_YOUR ASSIGNMENT_:
Below are some records. Return exactly the lines from the one containing "Erkek Siyah Bağcıklı" through the one containing "Composition aux pommes", both included, and only those.

_INFORMATION_:
============================================================

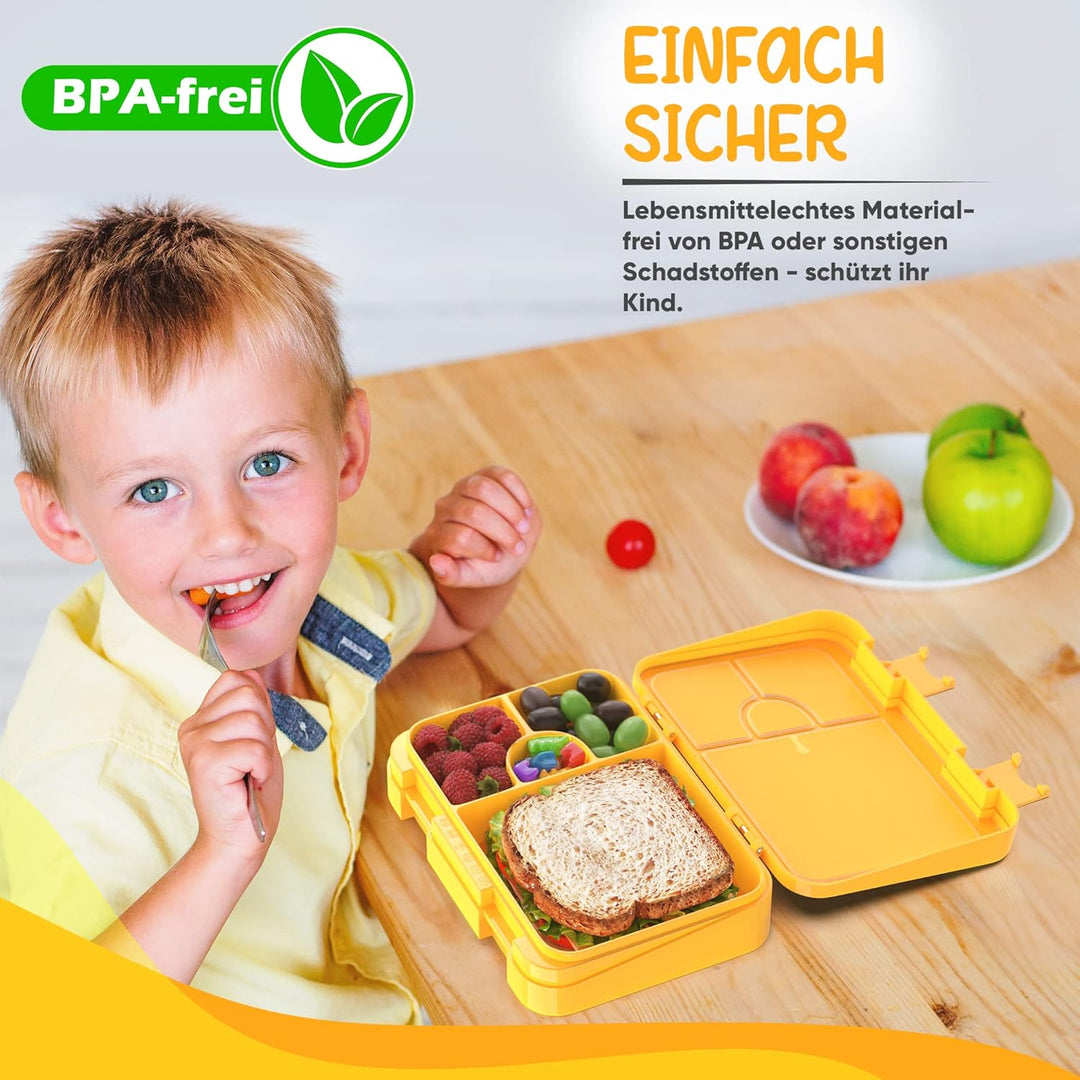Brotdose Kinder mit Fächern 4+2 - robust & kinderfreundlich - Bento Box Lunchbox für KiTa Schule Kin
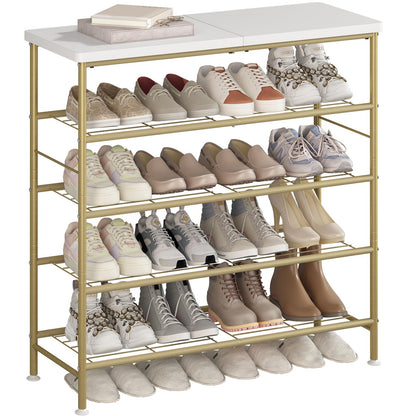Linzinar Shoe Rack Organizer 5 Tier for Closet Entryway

============================================================

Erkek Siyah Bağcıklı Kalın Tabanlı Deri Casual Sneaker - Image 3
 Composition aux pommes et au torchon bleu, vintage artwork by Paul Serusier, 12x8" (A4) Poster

============================================================

_RESPONSE TO THE TASK_:
Erkek Siyah Bağcıklı Kalın Tabanlı Deri Casual Sneaker - Image 3
 Composition aux pommes et au torchon bleu, vintage artwork by Paul Serusier, 12x8" (A4) Poster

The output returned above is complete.